El analista venezolano Moisés Naim agrega que, al revés, la injerencia de lo nacional en lo internacional también es una realidad. “En general en América Latina hay respeto por los diplomáticos profesionales de Chile. Ahora, el Ministerio de Relaciones Exteriores no es inmune a la situación política del país y a la situación del gobierno. Es muy difícil tener una diplomacia fuerte si tienes un gobierno débil”. Dice que, por ejemplo, en Brasil, Itamaraty, una de las cancillerías más profesionales de América Latina, era mucho más poderosa cuando Lula estaba en las encuestas a los más altos niveles y donde Brasil estaba creciendo.

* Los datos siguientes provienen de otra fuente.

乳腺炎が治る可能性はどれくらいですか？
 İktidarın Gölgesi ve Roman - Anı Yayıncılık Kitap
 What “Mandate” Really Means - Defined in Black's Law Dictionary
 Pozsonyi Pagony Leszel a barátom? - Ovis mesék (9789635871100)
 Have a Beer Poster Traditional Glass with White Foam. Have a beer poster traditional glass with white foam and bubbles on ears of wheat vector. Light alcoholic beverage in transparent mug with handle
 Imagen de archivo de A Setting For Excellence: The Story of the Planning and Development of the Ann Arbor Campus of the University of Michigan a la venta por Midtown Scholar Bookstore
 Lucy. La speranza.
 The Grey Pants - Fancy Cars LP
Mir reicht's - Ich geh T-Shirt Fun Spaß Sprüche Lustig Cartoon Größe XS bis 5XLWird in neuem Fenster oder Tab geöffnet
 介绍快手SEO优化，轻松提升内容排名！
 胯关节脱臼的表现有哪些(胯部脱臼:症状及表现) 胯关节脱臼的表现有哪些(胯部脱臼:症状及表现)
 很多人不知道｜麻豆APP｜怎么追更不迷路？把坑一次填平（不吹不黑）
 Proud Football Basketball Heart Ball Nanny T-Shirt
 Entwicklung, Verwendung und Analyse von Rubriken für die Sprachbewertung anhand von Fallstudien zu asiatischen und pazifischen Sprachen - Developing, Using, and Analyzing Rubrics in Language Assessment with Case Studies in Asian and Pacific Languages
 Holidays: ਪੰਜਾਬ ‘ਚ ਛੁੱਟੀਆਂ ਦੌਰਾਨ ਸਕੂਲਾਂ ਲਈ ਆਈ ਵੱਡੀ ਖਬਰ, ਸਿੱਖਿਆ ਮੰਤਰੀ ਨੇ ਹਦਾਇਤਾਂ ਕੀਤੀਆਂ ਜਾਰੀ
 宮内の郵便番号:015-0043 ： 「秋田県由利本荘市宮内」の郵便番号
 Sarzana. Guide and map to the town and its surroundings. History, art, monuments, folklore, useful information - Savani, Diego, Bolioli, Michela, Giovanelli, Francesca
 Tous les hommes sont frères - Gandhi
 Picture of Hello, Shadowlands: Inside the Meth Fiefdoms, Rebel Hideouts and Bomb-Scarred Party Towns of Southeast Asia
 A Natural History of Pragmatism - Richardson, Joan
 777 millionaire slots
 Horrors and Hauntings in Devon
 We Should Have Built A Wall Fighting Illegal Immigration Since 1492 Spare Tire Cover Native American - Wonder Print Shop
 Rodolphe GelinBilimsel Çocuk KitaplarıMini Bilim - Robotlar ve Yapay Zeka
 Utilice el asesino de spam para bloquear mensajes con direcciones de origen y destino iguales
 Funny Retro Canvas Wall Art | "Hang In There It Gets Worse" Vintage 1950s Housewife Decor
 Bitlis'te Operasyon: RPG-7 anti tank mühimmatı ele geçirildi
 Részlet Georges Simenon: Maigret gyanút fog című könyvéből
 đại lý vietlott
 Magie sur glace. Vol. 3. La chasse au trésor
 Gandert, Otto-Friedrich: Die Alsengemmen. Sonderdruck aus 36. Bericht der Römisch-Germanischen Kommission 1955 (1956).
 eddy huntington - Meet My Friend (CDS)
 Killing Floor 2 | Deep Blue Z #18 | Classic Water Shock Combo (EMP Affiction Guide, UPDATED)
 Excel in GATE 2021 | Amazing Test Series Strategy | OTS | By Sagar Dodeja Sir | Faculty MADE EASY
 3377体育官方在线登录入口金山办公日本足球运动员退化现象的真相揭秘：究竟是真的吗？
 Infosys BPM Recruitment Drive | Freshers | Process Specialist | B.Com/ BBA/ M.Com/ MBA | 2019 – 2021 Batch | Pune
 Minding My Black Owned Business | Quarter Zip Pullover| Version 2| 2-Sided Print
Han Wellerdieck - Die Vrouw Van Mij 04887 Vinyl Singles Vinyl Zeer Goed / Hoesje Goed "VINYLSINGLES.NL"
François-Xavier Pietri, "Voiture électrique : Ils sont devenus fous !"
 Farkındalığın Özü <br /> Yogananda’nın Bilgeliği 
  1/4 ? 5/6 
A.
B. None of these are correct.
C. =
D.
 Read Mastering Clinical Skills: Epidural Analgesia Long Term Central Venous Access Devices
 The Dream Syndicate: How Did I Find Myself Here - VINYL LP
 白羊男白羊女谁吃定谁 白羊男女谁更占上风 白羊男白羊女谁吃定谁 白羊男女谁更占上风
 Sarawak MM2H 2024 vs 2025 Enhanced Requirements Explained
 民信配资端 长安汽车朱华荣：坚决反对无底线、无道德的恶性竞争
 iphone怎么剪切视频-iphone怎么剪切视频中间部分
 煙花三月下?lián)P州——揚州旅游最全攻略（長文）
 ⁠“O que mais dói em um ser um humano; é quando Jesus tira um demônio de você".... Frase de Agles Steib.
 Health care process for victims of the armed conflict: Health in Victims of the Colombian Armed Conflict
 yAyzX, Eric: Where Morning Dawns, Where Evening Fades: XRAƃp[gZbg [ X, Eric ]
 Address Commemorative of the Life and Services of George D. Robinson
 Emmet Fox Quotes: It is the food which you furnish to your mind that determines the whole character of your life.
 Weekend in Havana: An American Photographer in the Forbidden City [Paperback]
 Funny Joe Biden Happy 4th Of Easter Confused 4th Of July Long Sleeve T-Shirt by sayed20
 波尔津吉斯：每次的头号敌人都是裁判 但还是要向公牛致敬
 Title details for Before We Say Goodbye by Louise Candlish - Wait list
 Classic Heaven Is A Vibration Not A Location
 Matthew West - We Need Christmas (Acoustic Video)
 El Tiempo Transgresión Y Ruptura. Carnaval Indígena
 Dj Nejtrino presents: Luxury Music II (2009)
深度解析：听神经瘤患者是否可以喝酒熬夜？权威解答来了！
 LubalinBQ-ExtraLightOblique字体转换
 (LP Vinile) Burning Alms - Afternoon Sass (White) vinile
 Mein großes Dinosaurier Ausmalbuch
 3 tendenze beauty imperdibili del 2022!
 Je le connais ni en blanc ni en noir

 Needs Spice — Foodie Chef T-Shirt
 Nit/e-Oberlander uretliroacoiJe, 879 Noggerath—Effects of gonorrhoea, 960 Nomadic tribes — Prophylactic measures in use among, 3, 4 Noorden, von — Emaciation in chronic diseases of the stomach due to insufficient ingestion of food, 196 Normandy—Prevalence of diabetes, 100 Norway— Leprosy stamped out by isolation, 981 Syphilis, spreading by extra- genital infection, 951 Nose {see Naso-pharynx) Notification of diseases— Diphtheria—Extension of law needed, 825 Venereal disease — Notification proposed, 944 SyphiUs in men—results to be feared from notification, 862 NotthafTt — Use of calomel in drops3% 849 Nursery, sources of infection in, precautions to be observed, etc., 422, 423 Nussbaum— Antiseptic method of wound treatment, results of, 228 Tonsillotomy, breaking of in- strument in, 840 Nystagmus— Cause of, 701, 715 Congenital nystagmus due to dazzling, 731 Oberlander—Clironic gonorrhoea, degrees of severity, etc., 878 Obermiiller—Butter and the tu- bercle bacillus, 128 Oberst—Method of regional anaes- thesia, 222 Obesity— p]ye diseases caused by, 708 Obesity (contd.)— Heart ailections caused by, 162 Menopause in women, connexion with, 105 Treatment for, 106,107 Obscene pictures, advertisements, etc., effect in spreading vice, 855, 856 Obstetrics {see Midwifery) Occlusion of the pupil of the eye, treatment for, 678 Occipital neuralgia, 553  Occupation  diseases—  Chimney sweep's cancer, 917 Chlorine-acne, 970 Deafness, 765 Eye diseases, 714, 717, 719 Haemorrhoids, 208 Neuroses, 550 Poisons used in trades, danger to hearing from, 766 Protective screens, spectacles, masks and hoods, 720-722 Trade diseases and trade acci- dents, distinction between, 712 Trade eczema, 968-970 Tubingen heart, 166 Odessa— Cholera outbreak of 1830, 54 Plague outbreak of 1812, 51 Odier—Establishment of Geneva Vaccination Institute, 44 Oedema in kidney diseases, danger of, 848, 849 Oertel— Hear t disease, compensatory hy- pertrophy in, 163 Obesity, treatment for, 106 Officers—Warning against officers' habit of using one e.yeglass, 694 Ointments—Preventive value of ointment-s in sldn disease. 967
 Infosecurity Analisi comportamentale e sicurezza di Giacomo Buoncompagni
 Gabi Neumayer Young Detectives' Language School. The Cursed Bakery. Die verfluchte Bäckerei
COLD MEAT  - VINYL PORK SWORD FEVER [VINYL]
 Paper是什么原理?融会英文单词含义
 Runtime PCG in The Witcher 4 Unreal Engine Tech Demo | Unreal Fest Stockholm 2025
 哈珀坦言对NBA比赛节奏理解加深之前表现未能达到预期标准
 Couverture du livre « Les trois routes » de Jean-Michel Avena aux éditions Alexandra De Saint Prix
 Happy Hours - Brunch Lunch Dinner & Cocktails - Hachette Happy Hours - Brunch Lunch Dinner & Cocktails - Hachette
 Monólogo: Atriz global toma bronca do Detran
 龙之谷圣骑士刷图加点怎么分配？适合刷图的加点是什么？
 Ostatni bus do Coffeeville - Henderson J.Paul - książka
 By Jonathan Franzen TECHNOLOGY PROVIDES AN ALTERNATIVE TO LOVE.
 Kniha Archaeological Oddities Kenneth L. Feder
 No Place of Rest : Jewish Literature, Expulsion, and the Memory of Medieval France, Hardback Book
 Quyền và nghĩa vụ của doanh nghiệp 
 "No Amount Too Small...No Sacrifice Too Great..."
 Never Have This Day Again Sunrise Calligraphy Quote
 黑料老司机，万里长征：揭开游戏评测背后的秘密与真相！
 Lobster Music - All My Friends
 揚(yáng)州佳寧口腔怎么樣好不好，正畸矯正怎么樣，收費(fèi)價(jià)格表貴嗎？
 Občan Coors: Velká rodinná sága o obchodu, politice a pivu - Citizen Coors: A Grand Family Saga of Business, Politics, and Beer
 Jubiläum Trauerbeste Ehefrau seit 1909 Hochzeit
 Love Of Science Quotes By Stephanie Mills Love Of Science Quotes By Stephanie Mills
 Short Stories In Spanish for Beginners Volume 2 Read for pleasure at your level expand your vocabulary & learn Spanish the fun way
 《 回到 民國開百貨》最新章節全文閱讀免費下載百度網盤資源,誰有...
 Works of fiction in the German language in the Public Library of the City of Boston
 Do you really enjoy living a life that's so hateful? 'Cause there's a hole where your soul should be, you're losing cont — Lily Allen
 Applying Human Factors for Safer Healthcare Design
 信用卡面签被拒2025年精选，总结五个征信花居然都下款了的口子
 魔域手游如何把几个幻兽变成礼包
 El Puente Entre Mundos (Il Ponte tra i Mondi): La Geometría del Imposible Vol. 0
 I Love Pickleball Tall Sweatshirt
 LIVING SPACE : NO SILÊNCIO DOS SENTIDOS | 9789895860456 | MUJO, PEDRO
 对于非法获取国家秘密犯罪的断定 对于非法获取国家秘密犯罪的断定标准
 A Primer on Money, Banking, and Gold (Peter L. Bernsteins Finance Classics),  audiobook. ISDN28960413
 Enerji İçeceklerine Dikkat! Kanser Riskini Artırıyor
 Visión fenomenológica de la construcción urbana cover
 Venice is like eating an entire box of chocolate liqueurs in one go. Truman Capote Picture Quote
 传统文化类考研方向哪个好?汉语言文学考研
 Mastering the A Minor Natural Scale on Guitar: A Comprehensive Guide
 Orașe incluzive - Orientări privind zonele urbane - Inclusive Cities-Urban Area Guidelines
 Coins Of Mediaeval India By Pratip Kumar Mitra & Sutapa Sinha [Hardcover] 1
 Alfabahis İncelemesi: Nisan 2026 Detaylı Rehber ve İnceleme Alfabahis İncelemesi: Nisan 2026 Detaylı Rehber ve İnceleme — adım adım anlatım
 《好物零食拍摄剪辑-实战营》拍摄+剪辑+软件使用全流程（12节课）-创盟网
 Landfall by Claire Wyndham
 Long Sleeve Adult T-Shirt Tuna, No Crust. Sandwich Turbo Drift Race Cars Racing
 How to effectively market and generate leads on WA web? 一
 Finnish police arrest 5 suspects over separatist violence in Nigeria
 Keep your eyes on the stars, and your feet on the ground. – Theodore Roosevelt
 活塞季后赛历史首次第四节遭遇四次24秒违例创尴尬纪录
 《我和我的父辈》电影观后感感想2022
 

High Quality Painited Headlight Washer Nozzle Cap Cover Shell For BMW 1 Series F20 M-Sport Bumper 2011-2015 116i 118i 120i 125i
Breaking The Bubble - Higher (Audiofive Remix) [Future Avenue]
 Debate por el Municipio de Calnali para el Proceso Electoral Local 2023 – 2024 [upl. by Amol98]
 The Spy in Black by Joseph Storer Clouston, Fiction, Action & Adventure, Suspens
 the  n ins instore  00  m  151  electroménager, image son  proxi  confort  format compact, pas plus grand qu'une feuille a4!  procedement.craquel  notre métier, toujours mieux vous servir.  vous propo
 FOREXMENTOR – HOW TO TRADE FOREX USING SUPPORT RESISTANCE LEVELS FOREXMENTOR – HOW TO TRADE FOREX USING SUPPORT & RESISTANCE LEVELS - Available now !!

La diplomacia en tribunales

La Corte de La Haya es sólo uno de los organismos internacionales donde ha tenido que intervenir Chile en el último tiempo. A mediados del año pasado, la Corte Interamericana de Derechos Humanos sancionó al país por violación a los derechos humanos de mapuches. En 2012, la misma entidad condenó al Estado chileno por trato discriminatorio contra la jueza Karen Atala. El caso Clarín también ha sido ejemplo de nuestra presencia en cortes del exterior. Y el del río Silala amenaza con ser el próximo.

La judicialización de las relaciones internacionales se ha transformado en una realidad nacional.

El ex canciller Moreno recuerda una charla del presidente del Consejo Europeo de Eslovenia para resumir la problemática: “Se atrasó la charla y el conferencista dijo ‘no se preocupen, esto lo voy a explicar en sólo dos minutos con reloj’ y agregó: ‘Nuestra generación y la de nuestros padres vivíamos en la lógica de los estados nación y esa era la diplomacia. Pero hoy la era de los estados nación está limitada por la legislación internacional de los derechos humanos’”.

Según plantea: “Como país pequeño, suscribimos a todos los tratados internacionales, pero eso hay que aterrizarlo en Chile y nuestra legislación”. Y eso requiere de los mejores profesionales. Incluso ya existe una propuesta del Consejo de Relaciones Internacionales y del ex canciller Hernán Felipe Errázuriz para crear una suerte de Consejo de Defensa del Estado, sólo para los litigios internacionales.

Sin embargo, por el momento la única propuesta que se está trabajando es un futuro proyecto de ley. Este incluye —entre otros aspectos— la creación de una Subsecretaría de Relaciones Económicas Internacionales, con dos servicios dependientes —la Dirección General de Promoción de Exportaciones y la Dirección General de Relaciones Económicas Internacionales—. Además, amplía la planta de la Agencia Chilena de Cooperación Internacional para el Desarrollo y faculta el nombramiento de hasta cuatro agregados de cooperación.

La iniciativa, además, considera, tanto para la planta de Servicio Exterior como para administrativos, el retiro obligatorio a los 67 años y una compensación equivalente a 24 sueldos brutos. A ello se suma la disminución a la mitad (de 4 a dos años) del tiempo mínimo requerido en el grado para poder ascender, junto al aumento en los grados iniciales. La gran pregunta es si seguirá archivada como las 16 anteriores.